Dato il distacco, risulta incredibile la partecipazione polacca alla manifestazioni del Comitato per la Difesa della Democrazia (KOD) capace di far scendere in piazza migliaia di persone nei weekend passati. A quelle manifestazioni hanno partecipato anche alcuni membri di RAZEM ma – precisa la Nowak – vista la strumentalizzazione politica di cui KOD è affetto, specie ad opera di Piattaforma Civica (ex partito al governo che per primo ha iniziato a demolire l’assetto della Corte Costituzionale), i rappresentanti della nuova sinistra democratica prendono le distanze da qualsiasi forma di accostamento alla vecchia guardia politica.
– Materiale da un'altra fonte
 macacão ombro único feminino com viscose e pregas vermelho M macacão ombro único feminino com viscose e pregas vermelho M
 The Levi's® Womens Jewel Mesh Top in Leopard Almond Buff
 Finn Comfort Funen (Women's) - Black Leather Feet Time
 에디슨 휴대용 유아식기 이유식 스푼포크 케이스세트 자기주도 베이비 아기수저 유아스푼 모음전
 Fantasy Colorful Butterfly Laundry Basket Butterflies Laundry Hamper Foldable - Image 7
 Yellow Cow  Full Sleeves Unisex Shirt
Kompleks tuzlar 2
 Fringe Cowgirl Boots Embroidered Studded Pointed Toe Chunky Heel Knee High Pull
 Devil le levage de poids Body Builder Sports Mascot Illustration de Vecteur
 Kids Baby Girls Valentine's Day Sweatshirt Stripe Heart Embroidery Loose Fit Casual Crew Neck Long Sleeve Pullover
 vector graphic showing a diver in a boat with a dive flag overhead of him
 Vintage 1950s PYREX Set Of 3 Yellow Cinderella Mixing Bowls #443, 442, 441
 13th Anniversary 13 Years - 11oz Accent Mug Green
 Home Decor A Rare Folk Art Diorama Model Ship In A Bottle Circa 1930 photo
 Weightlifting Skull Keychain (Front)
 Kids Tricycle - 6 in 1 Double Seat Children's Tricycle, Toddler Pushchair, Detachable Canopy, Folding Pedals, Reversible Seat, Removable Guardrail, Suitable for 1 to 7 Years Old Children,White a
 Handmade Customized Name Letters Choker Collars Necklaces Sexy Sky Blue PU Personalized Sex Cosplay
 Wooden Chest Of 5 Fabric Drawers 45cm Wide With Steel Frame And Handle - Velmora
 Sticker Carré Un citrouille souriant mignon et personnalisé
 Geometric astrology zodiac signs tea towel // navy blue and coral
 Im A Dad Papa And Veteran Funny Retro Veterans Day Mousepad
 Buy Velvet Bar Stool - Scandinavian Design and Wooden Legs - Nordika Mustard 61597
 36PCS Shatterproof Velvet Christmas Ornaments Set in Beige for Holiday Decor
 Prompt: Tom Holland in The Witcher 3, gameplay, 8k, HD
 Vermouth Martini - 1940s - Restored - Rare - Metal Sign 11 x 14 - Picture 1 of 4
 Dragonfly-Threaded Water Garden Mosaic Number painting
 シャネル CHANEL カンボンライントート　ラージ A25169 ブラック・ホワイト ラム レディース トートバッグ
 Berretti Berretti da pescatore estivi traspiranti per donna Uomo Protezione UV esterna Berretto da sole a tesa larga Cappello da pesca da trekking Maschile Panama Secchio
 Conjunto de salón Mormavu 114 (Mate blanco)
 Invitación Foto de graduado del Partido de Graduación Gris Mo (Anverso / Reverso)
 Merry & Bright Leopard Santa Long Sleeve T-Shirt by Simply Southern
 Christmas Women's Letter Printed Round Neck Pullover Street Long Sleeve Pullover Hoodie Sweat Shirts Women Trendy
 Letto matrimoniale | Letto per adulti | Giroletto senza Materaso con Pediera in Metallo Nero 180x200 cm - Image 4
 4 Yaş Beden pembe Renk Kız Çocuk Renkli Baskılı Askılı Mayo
Insomma, si apprezza il movimento sociale ma con alcuni distinguo.
Il rapporto con gli altri
RAZEM ci tiene alla propria identità e ad oggi non lascia spazio a collaborazioni con le altre forze in campo. Né Piattaforma Civica (PO) che a loro dire “manca di un solido background idelogico o etico”, né l’Alleanza della Sinistra Democratica (SLD), residuo di “burocrati post-comunisti noti per i dubbi legami con i grandi affari”. Ancor meno con Nowoczesna, il partito di Ryszard Petru, considerato il loro “naturale oppositore politico” per via di un programma prettamente economico e neo-liberale per niente affine alla linea progettuale di RAZEM. Il movimento si distingue per il suo progressismo sia in materia di libertà civili che di doveri ambientali pubblicando per i primi una dichiarazione per i diritti LGBT e sostenendo per i secondi una trasformazione dell’intero sistema energetico capace di capovolgere il consueto binomio ecologia – disoccupazione tanto caro all’industria carbonifera polacca.
La politica estera
Riguardo la politica estera, Marta Nowak sottolinea il forte pericolo russo percepito dalla Polonia e l’importanza di stabilizzare la regione, rafforzando la cooperazione tra gli stati dell’Unione Europea e facendo sì che il paese diventi un partner affidabile per la lotta al cambiamento climatico e per la risoluzione della crisi migratoria. Niente appelli alla NATO dunque, anche se su questo RAZEM potrà fare ben poco e sarà il summit NATO del prossimo giugno, proprio a Varsavia, a decidere se sia il caso di intensificare l’impegno dell’Alleanza Atlantica per la difesa dei suoi membri più orientali.
Difficile dire quanto questa linea dura si coniughi con le necessità dei polacchi e non sfoci in un velleitarismo dannoso per RAZEM e per i cittadini traditi dai partiti convenzionali, incapaci di colmare lo scollamento tra i due fronti. Per quanto nobile possa considerarsi il loro progetto politico, ad oggi non sembra che abbia ancora una presa forte nella società. O meglio, è troppo presto per dirlo. Se la quantità non è sempre sinonimo di qualità, i numeri non possono essere trascurati specie se l’obiettivo è arrivare al Parlamento per la prossima tornata elettorale. La retorica e i buoni propositi sono condizioni necessarie ma non sufficienti per guadagnarsi un posto in paradiso. Possono andare bene per rapire i cuori dei disillusi, ma riconquistare lo spazio che la sinistra polacca ha perso necessita di una tenacia e concretezza ancora tutta da dimostrare.